### BRIEF:
The records below are to be reproduced exactly, and no picture should appear in the copy.

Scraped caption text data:
------------------------------------------------------------

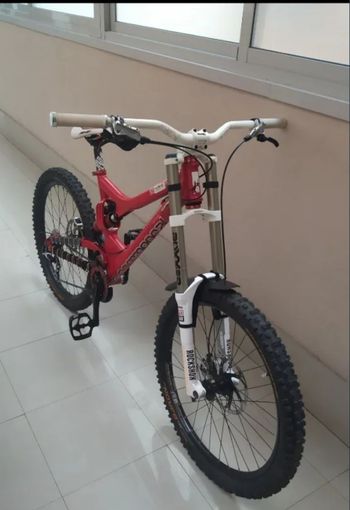 Commencal Supreme Shimano Deore XT 2012 Mountainbike usato, Rosso — immagine 6 di 10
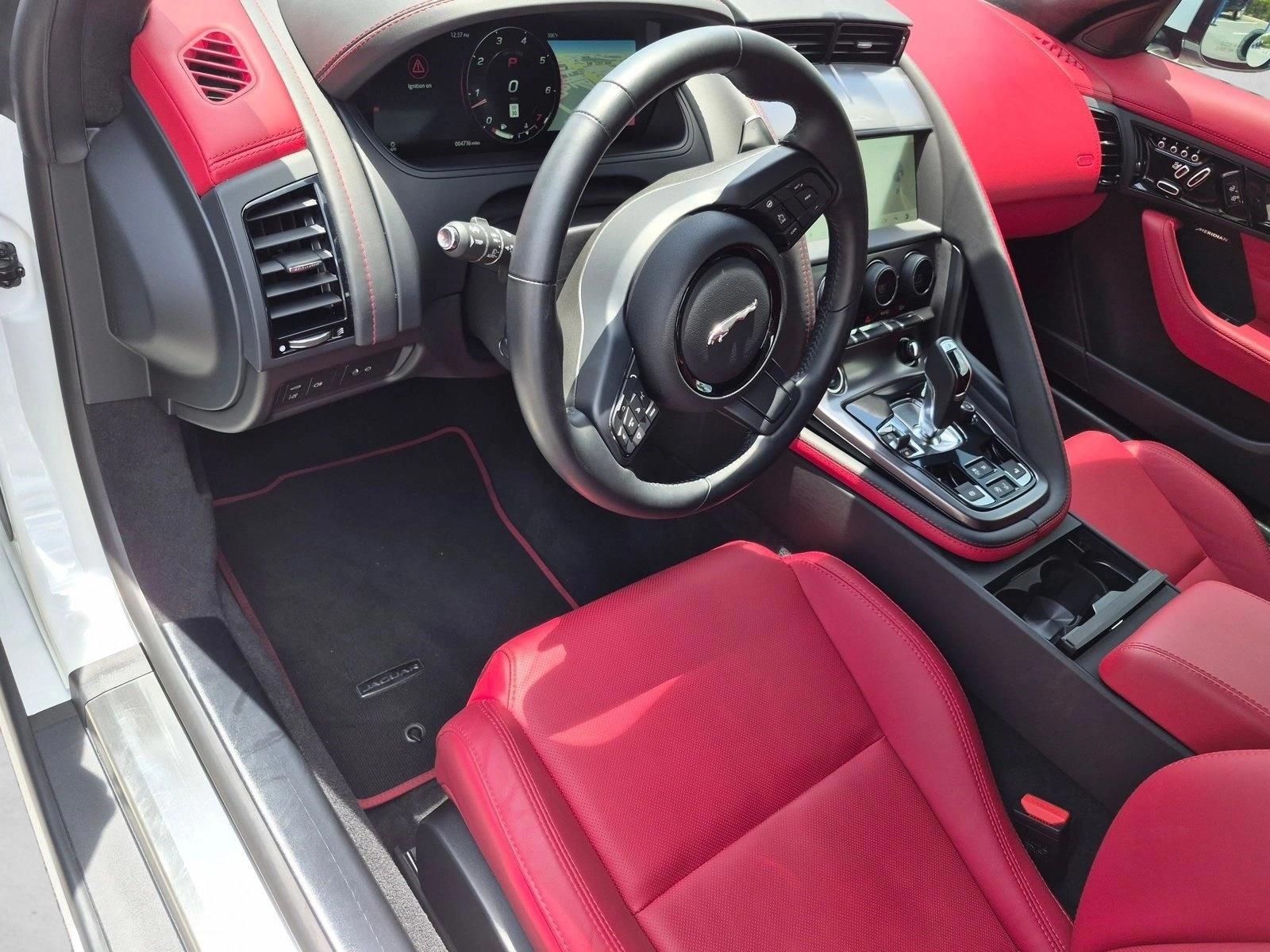 2024 Jaguar F-Type 75 - Photo 10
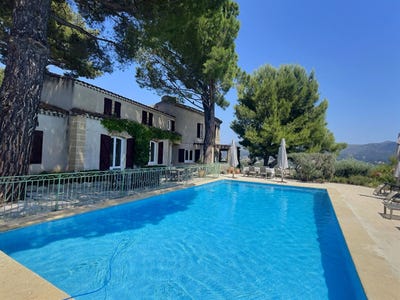 /international/fr/plan-de-cuques-provence-alpes-cote-d-azur-310101173767/?lang=en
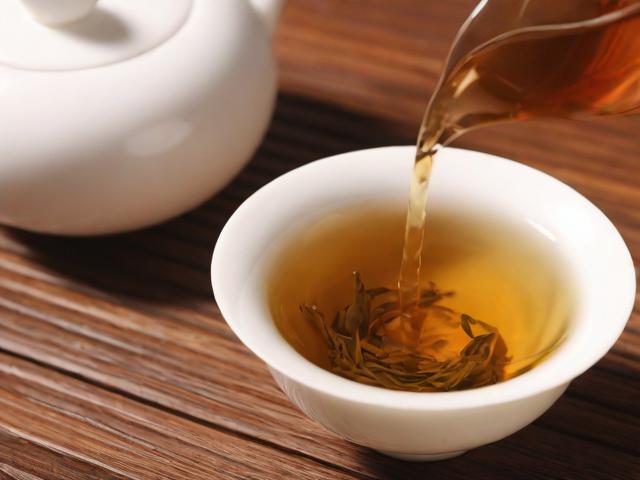 梦见茶叶代表什么?解读梦境中的心理暗示与文化象征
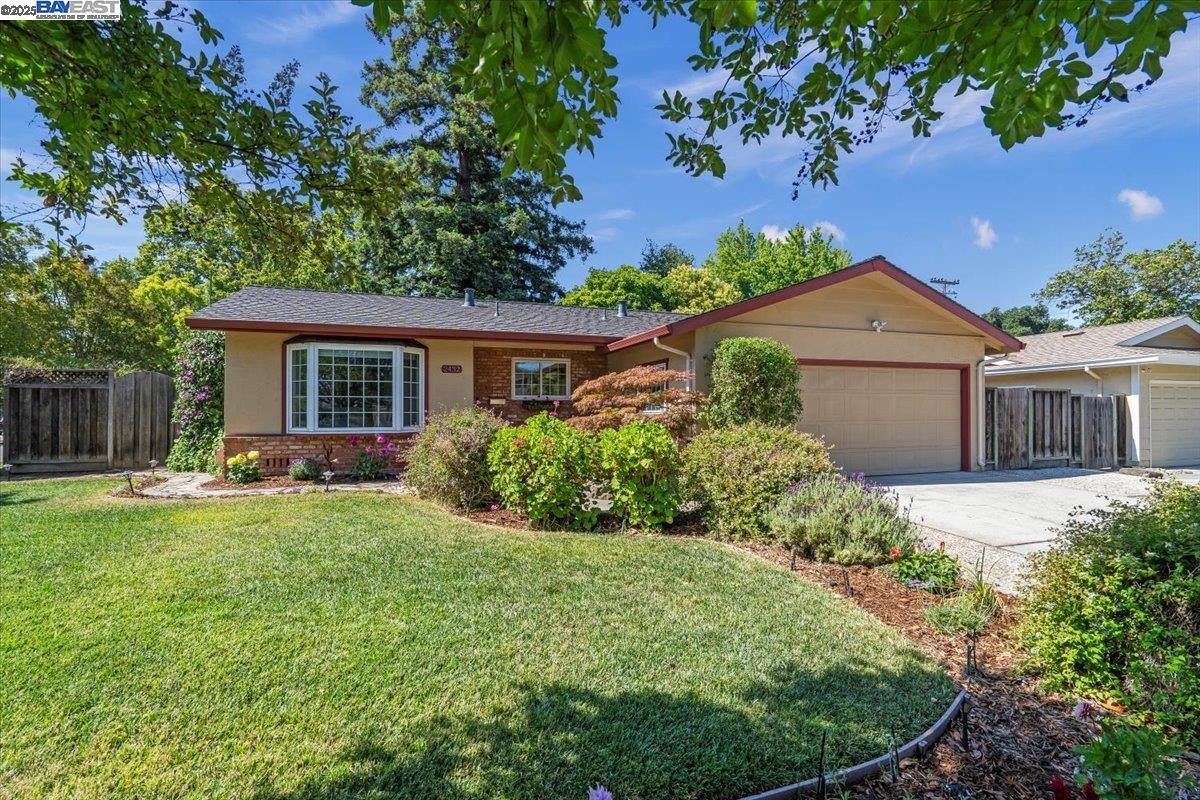 Detail Gallery Image 2 of 25 For 2432 Whitethorne, San Jose,  CA 95128 - 3 Beds | 2 Baths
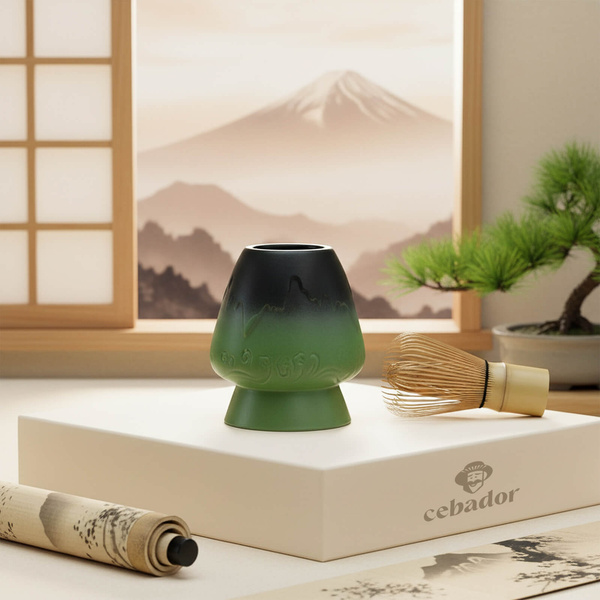 Kusenaoshi – Ceramiczna podstawka pod Chasen – Mountain (zielona)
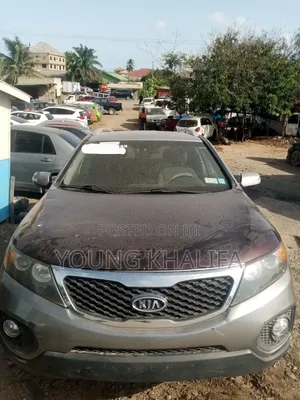 Kia Sorento 2013 Silver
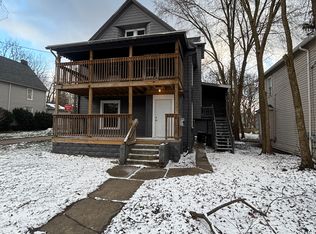 682 Upson St #UP, Akron, OH 44305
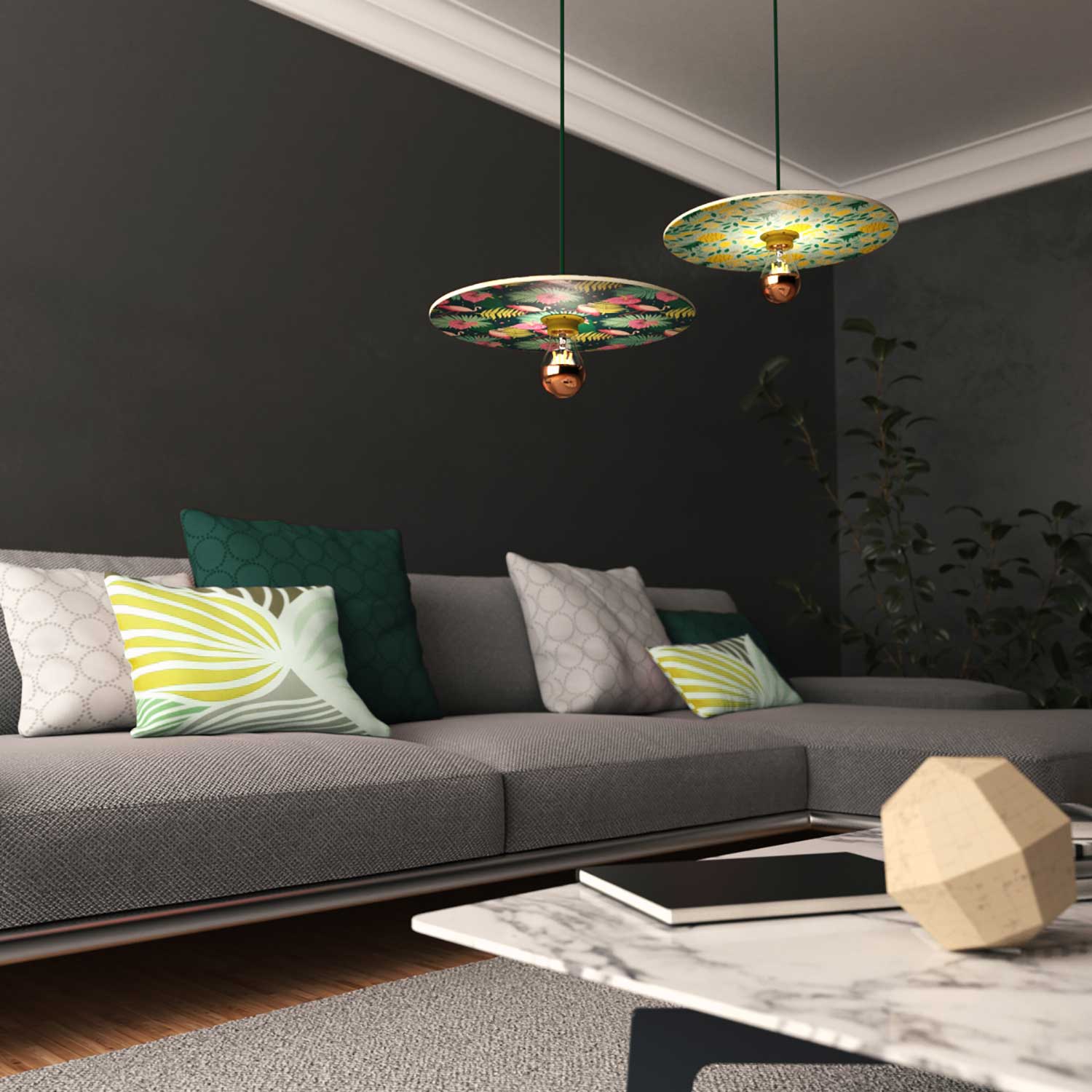 Pendelleuchte mit Textilkabel, doppelseitigem UFO-Holzschirm und Metallakzenten – Annachiara Zaminato - Image 4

------------------------------------------------------------

### FINAL ANSWER:
 Commencal Supreme Shimano Deore XT 2012 Mountainbike usato, Rosso — immagine 6 di 10
 2024 Jaguar F-Type 75 - Photo 10
 /international/fr/plan-de-cuques-provence-alpes-cote-d-azur-310101173767/?lang=en
 梦见茶叶代表什么?解读梦境中的心理暗示与文化象征
 Detail Gallery Image 2 of 25 For 2432 Whitethorne, San Jose,  CA 95128 - 3 Beds | 2 Baths
 Kusenaoshi – Ceramiczna podstawka pod Chasen – Mountain (zielona)
 Kia Sorento 2013 Silver
 682 Upson St #UP, Akron, OH 44305
 Pendelleuchte mit Textilkabel, doppelseitigem UFO-Holzschirm und Metallakzenten – Annachiara Zaminato - Image 4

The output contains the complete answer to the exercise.